L’assainissement constitue un autre facteur lié au manquement de l’eau. On recense plus de 65% de stations de traitement non-conformes sur le territoire. Si une station d’épuration peut en moyenne fonctionner jusqu’à trente ou quarante ans, leur durée de vie, en Guadeloupe, atteint à peine treize ans. Et lorsqu’une pompe casse, des années peuvent s’écouler avant que celle-ci ne soit changée. En Guadeloupe, 60% des foyers ne sont pas raccordés à une station d’épuration. Ils s’organisent alors autour de réseaux d’assainissement privés, dits « non-collectifs », qui, dans leur énorme majorité, ne sont pas aux normes.

Tous ces facteurs ont des conséquences très complexes pour les habitants qui se retrouvent sans eau dans les robinets pendant plusieurs jours dans certaines communes. Tandis que d’autres se retrouvent avec un liquide impropre à la consommation.
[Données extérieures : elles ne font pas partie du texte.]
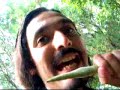 Cazando la Comadreja en China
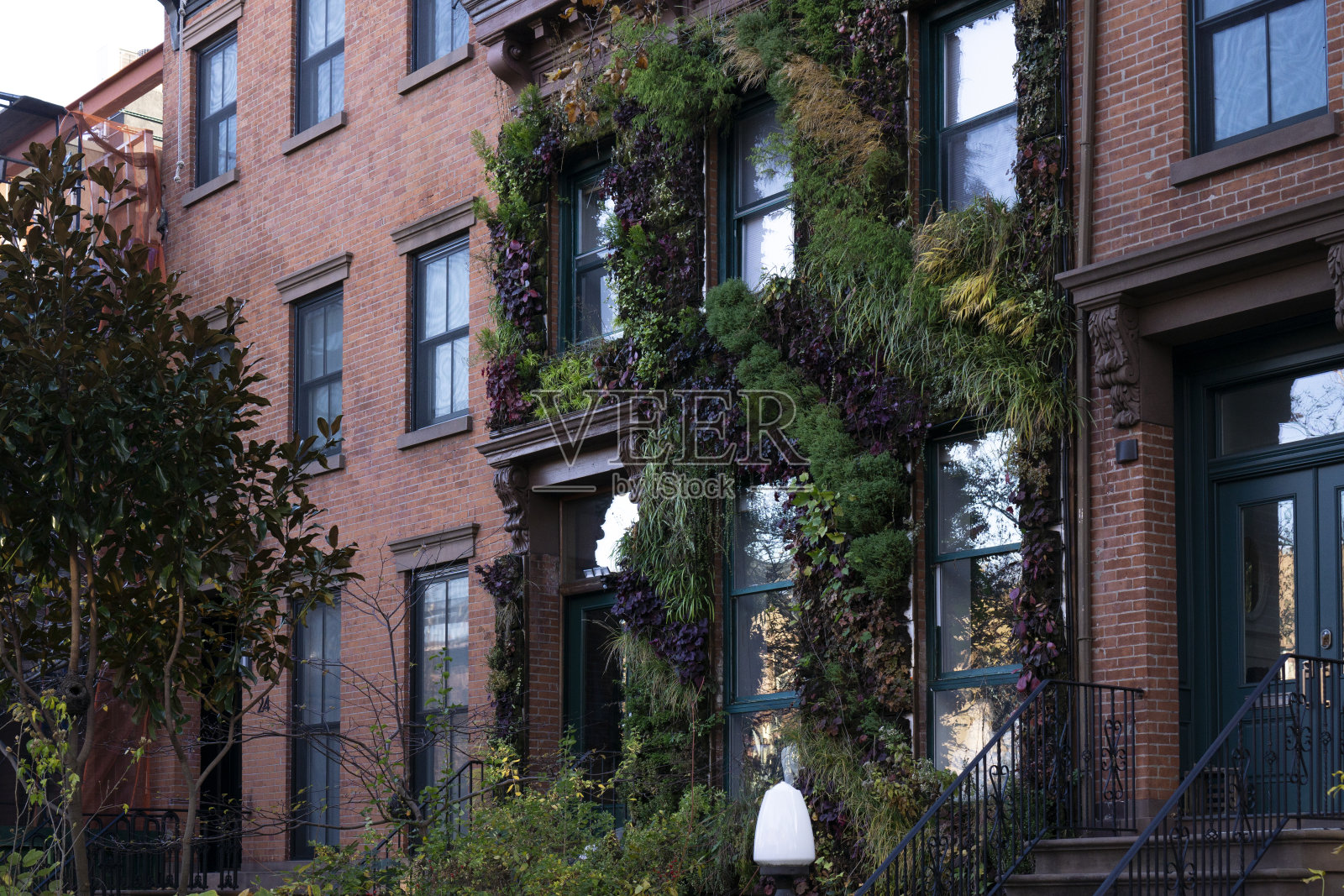 纽约布鲁克林，一幢褐砂石的红砖公寓楼，墙上爬满了常春藤照片摄影图片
La défaillance de la distribution de l’eau impacte aussi considérablement l’accès à l’éducation. Entre impossibilité de nettoyer les locaux et l’inaccessibilité des sanitaires, les écoles doivent fermer quand les robinets ne coulent pas.

 

L’ONU et les députés somment la France d’agir

Dans un rapport publié le 2 juin 2023, le Comité des droits de l’enfant de l’ONU (l’Organisation des Nations Unies) alerte sur les problèmes d’accès à l’eau en Outre-Mer, et plus particulièrement à Mayotte et en Guadeloupe. Le comité déplore notamment « l’accès limité à de l’eau propre à la consommation » dans ces territoires.

Dans son courrier, l’instance soumet des recommandations à la France tout en pointant du doigt des lacunes à corriger. Il est demandé de « fournir aux enfants de l’Hexagone et des Outre-mer, en particulier pour les enfants de Mayotte et de manière très urgente pour la population guadeloupéenne, de l’eau potable » en attendant « la réparation des systèmes d’approvisionnement et d’évacuation des eaux ».
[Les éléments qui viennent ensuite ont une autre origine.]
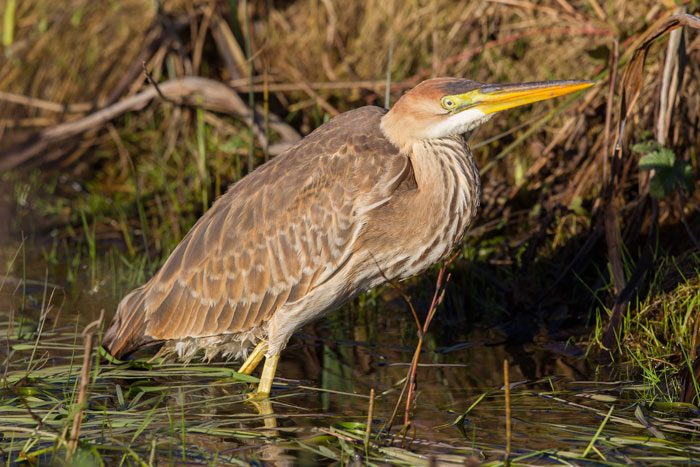 Purple Heron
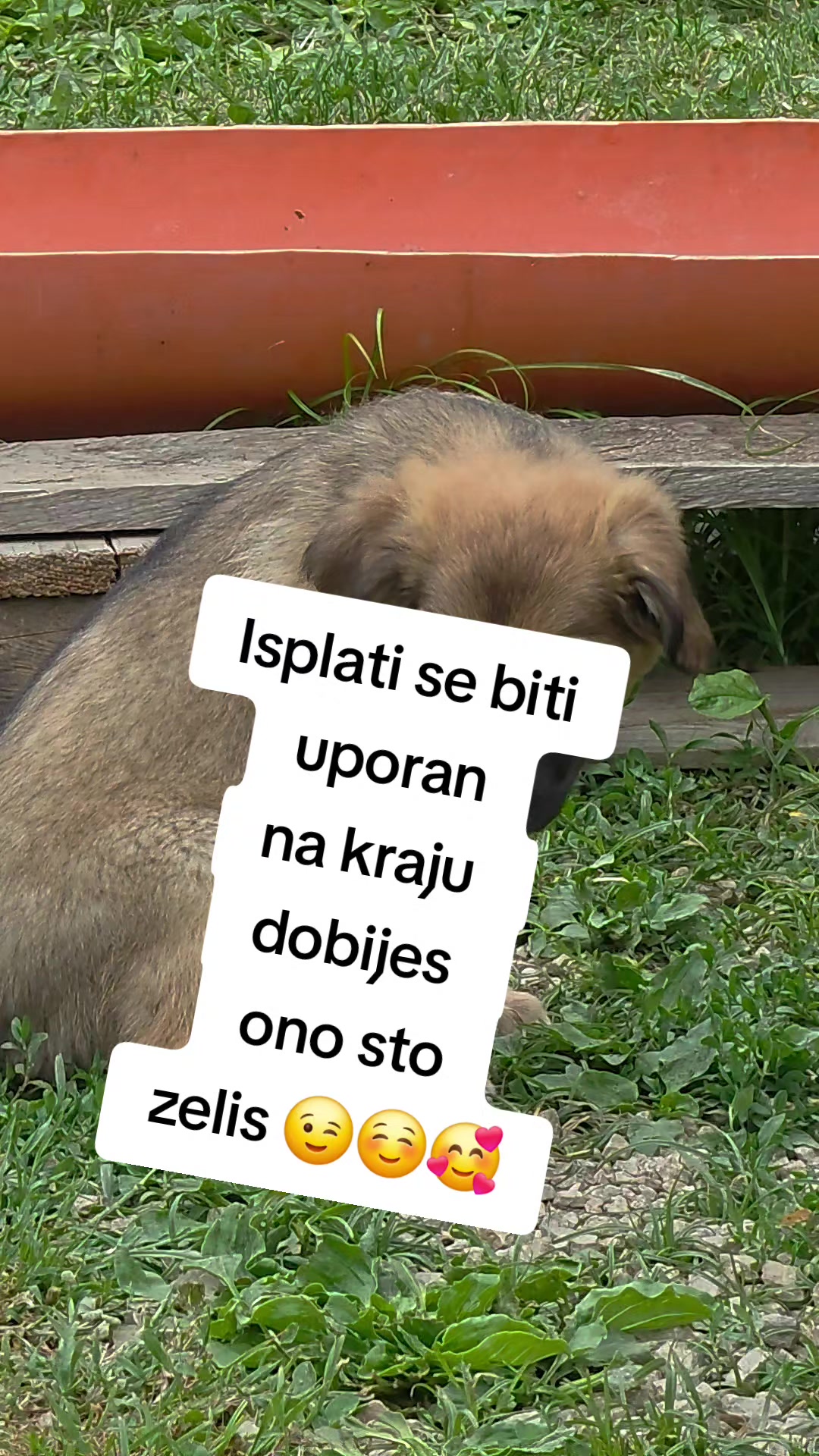 @Thedoogfather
Ce n’est pourtant pas la première fois que l’ONU alerte la France sur les défaillances liées à l’eau pour ses territoires ultramarins. Le 1er mai 2023, le Conseil des droits de l’homme a interpellé la France sur la question du droit à l’eau, notamment en Outre-mer. Le gouvernement français, face à cette situation, ne semble pas vouloir agir et fait la sourde oreille.

Les députés ultramarins prennent aussi la parole afin d’alerter sur la situation. La députée LIOT (Libertés, Indépendants, Outre-Mer et Territoires) de la 1re circonscription de Mayotte, Estelle Youssouffa, déclarait : « cela fait 20 ans que le gouvernement promet des investissements et ne tient pas ses promesses ». Tandis qu’Olivier Serva lançait dans l’hémicycle de l’Assemblée Nationale le 10 octobre dernier : « Sé dlo a kaka nou ka bwè an Gwadloup jòd-la » (« En Guadeloupe aujourd’hui, on boit du caca. ») à l’intention du ministre délégué chargé des outre-mer, Philippe Vigier. Le député LIOT guadeloupéen pointait du doigt l’approvisionnement et la qualité de l’eau sur l’île des Antilles, qui restent compliqués et problématiques.